Feedback control of wave propagation in a rectangular panel, part 2: Experimental realization using clustered velocity and displacement feedback

This study presents the feedback control of flexural waves propagating in a rectangular panel. The objective of this paper (part 2) is to experimentally implement the feedback wave control method which was proposed in part 1 of the two series papers. Firstly, based on the collocation of sensors and actuators, clustered velocity and displacement feedback (C-VDFB) is newly proposed. Next, linking C-VDFB with the active wave control proposed in part 1, it is clarified that the active wave control system can be realized to a limited extent.
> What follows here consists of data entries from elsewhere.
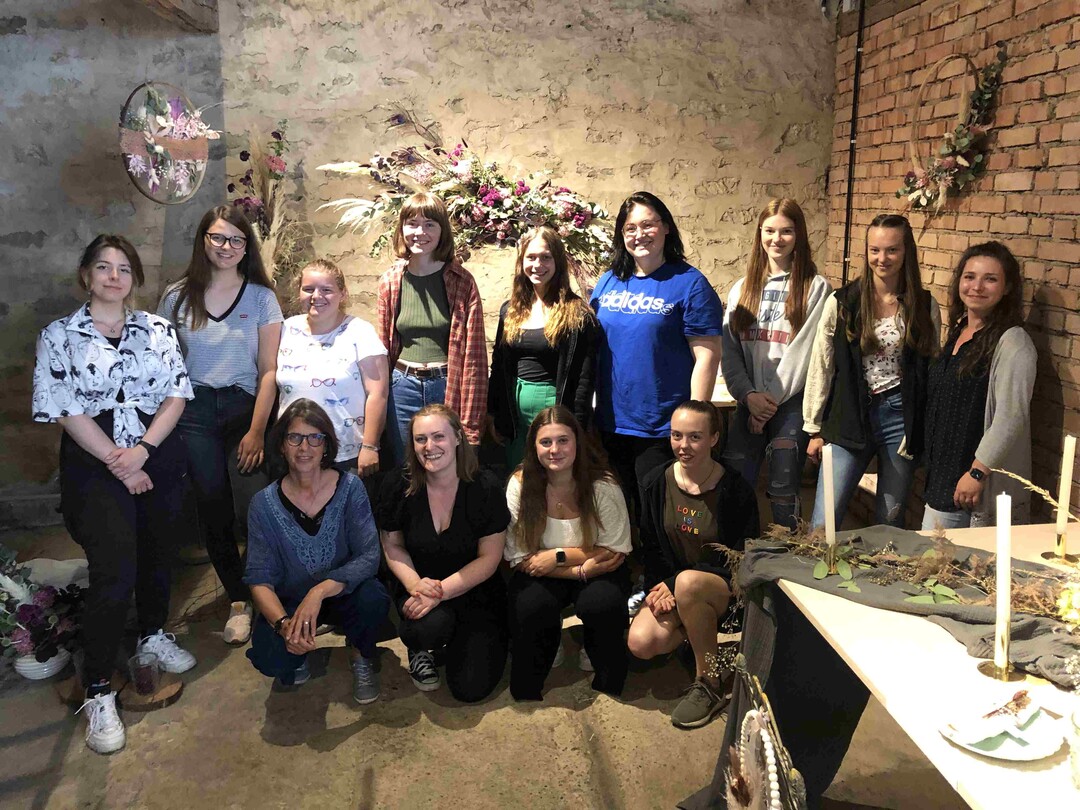 Gemeinschaftsbild mit Lehrerin Beatrix Huber-Kailuweit und Floristmeisterin Elisa Korth.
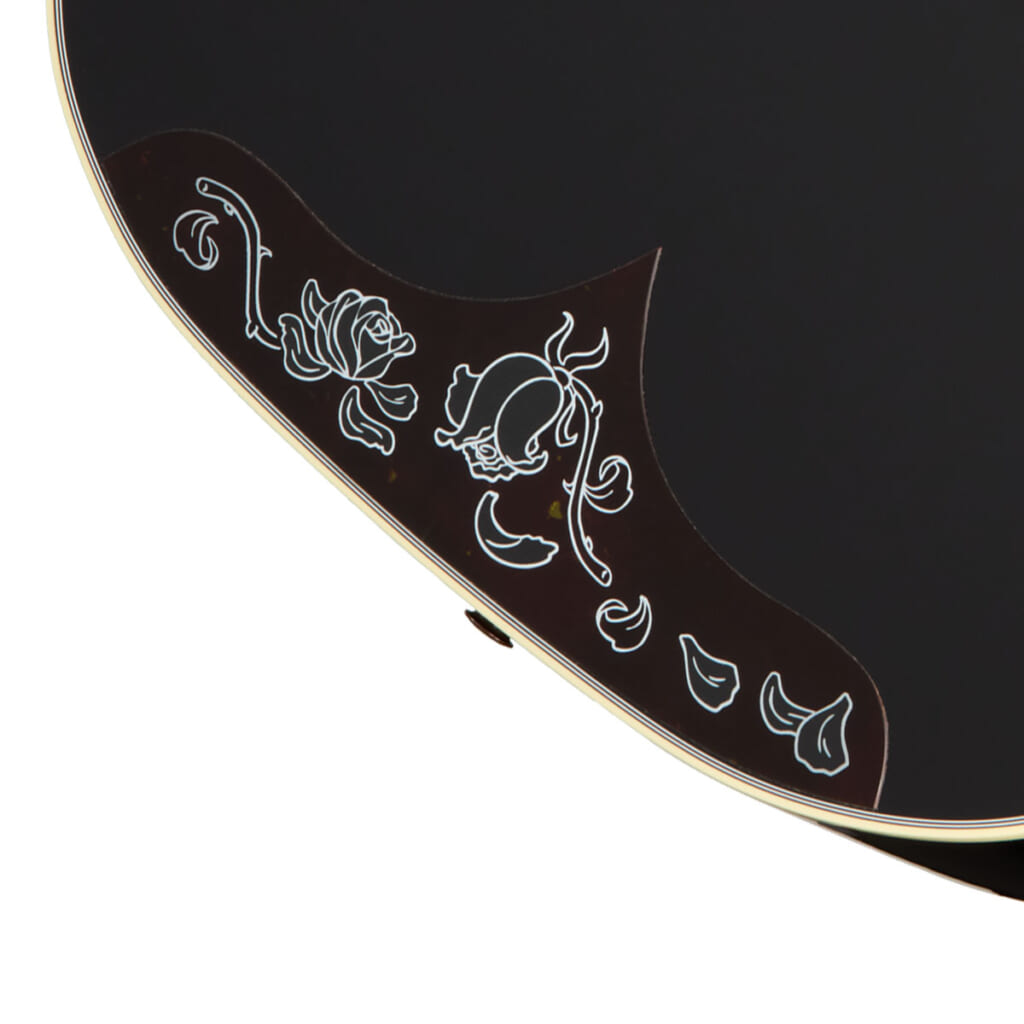 ボディ・エンド近くの装飾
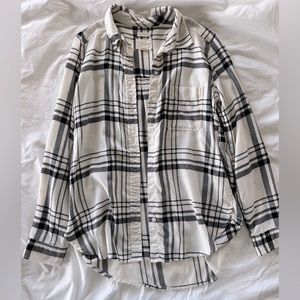 American eagle boyfriend fit flannel shirt. Black and white. Size S/P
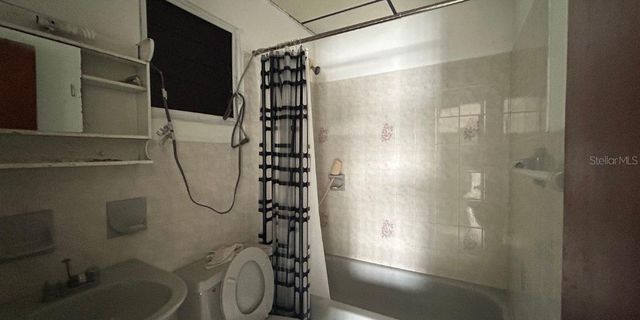 121 St, BT30 URB JARDINES DE COUNTRY CLUB BO SABANA ABAJO, Carolina, PR 00988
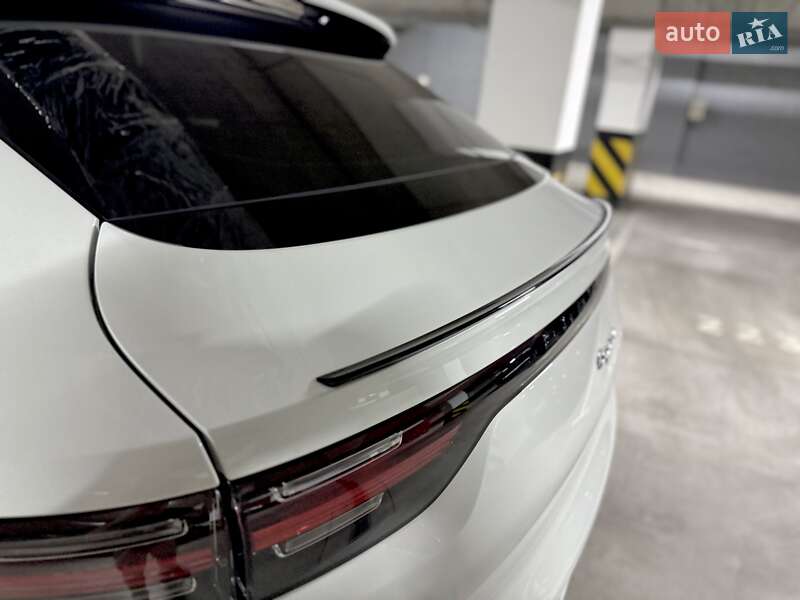 Позашляховик / Кросовер Porsche Cayenne 2019 в Дніпрі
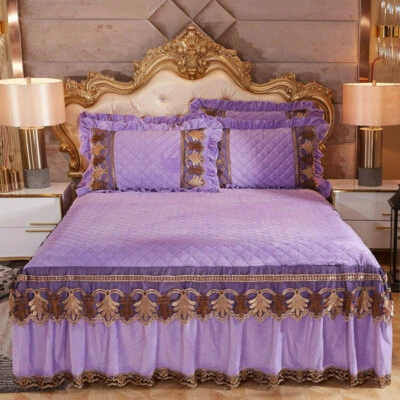 Colcha de terciopelo con bordados de encaje de lujo king queen acolchada falda de cama de algodón gruesa Foto 1 de 4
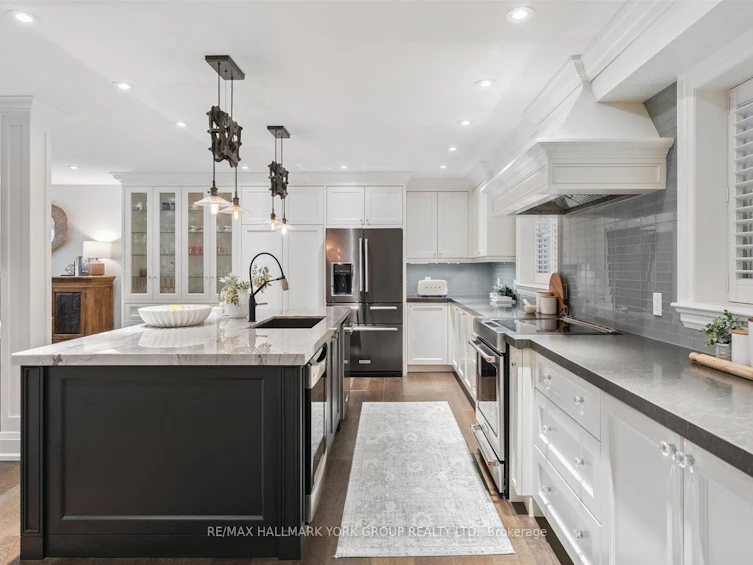 380 Rouge Hills Drive, Toronto, ON, M1C 2Z5 - 11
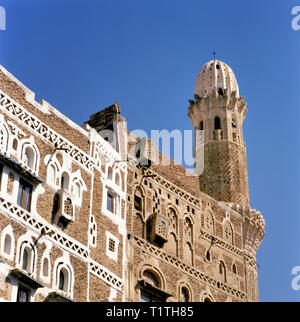 De vieilles maisons traditionnelles et de la mosquée dans la Vieille Ville, site du patrimoine mondial de l'UNESCO, Sanaa, Yémen, au Moyen-Orient Banque D'Images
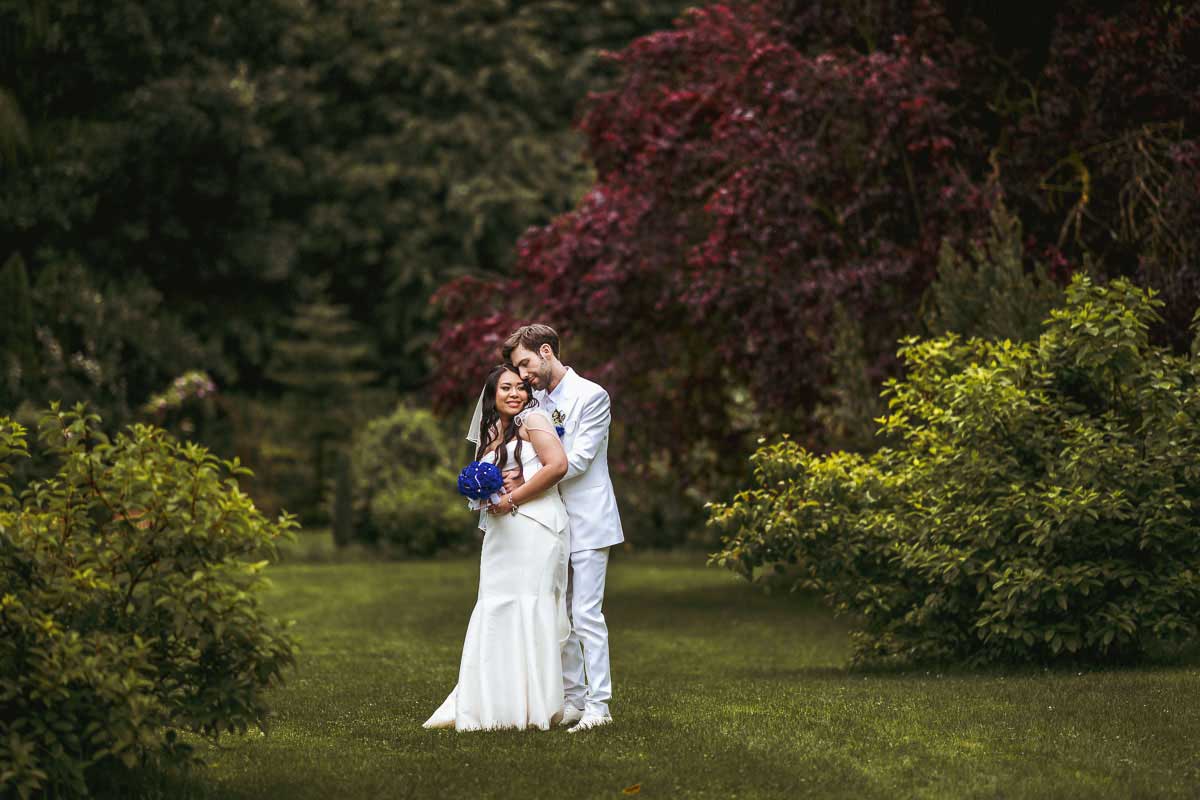 Brautpaarporträts bei einer Hochzeit im Schloss Oberndorf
Then, from a viewpoint of numerical simulations, the characteristics of the feedback gains of C-VDFB and its control performance are clarified. It is shown that C-VDFB enables the inactivation of vibration modes at the target frequencies. Furthermore, it is clarified that even at the non-target frequencies, the proposed method sufficiently reduces the structural vibration. Finally, experiments on the reflected wave absorbing control using clustered direct velocity and displacement feedback are carried out. The experimental results show good agreement with those obtained in the simulation.

► Clustered velocity and displacement feedback (C-VDFB) was newly proposed. ► Active wave control can be realized to a limited extent by C-VDFB. ► The standing wave ratio vs. the feedback gains is gradual at higher frequencies. ► C-VDFB can reduce the vibration sufficiently even at the non-target frequencies. ► The experimental results showed good agreement with those of simulations.